Task objective: Give back, exactly as written, the lines of the listing from the top through the line holding "O'woda Carrying Case", and nothing more. Exclude pictures.

Data records:
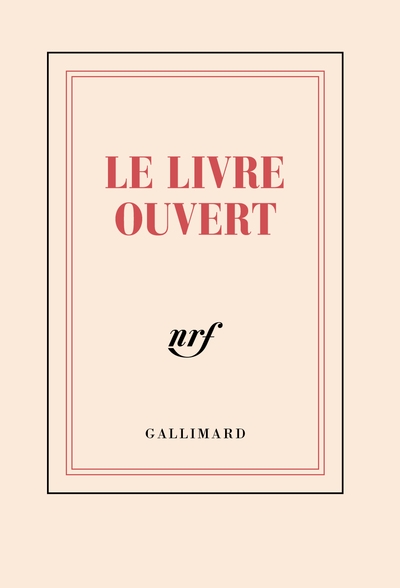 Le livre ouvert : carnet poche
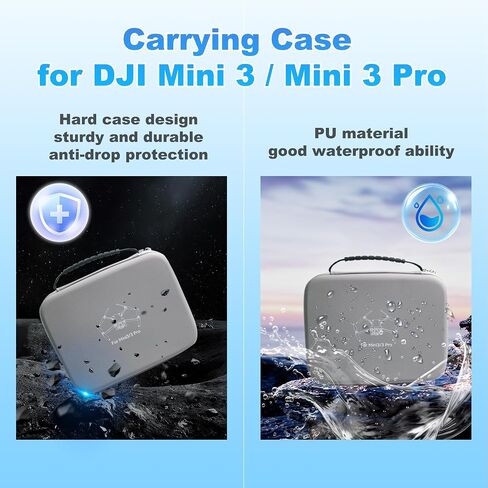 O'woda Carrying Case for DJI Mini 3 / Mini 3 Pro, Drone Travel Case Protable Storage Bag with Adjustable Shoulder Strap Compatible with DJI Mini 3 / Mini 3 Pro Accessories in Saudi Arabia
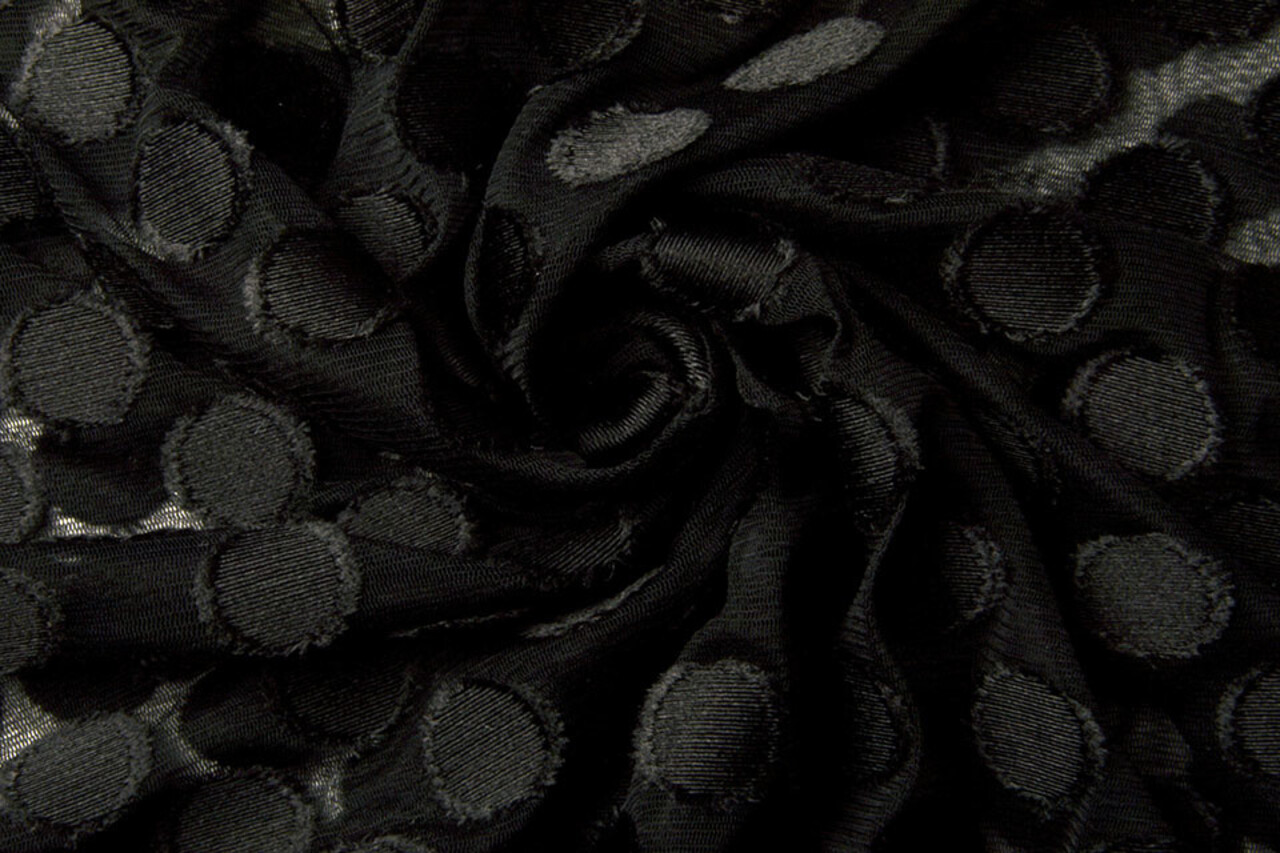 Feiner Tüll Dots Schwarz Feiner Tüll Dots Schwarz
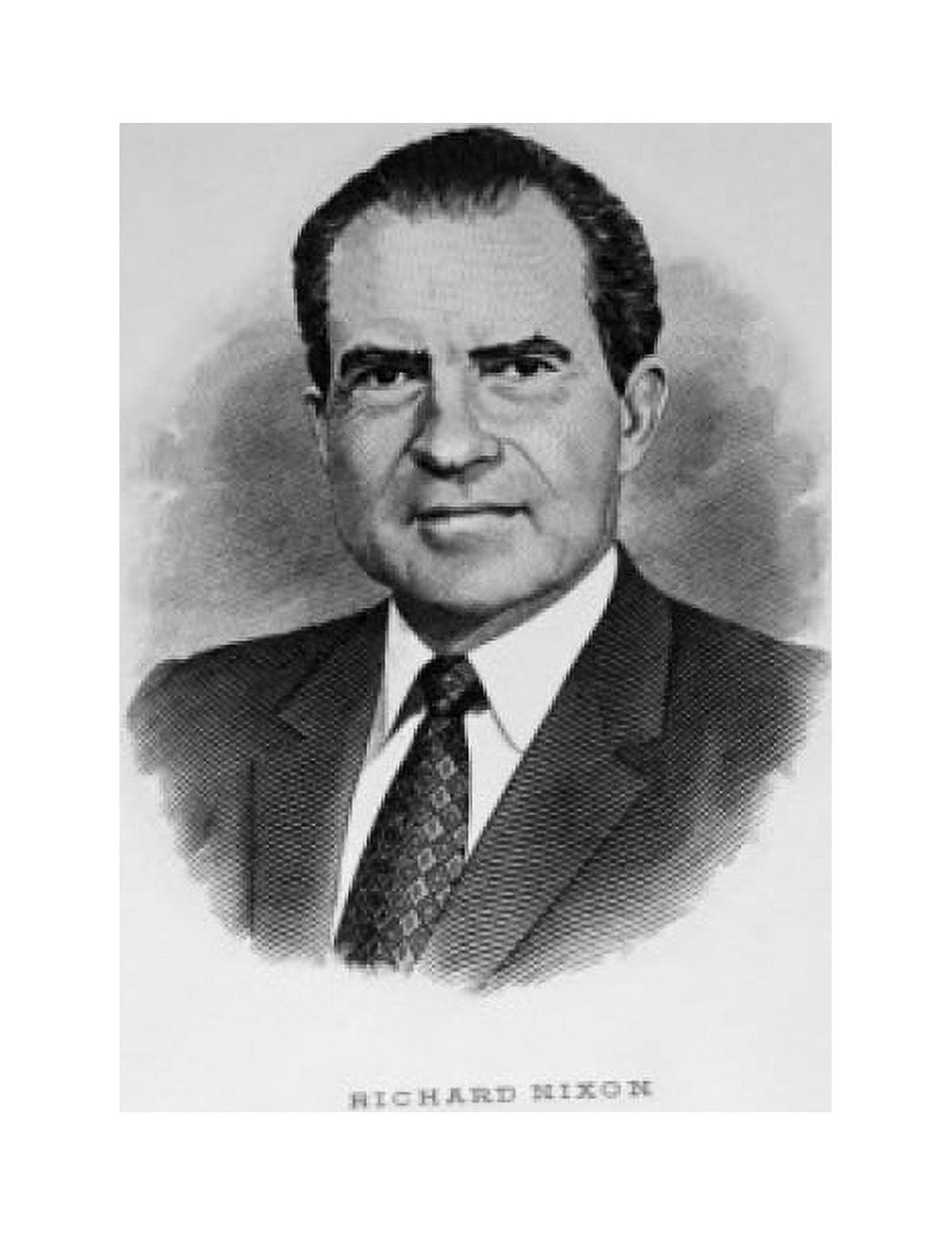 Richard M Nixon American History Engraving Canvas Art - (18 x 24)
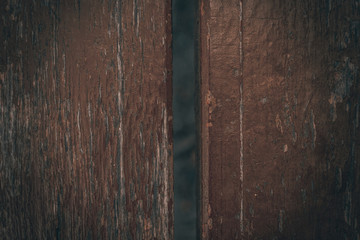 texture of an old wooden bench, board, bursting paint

Solution for this exercise:
 Le livre ouvert : carnet poche
 O'woda Carrying Case for DJI Mini 3 / Mini 3 Pro, Drone Travel Case Protable Storage Bag with Adjustable Shoulder Strap Compatible with DJI Mini 3 / Mini 3 Pro Accessories in Saudi Arabia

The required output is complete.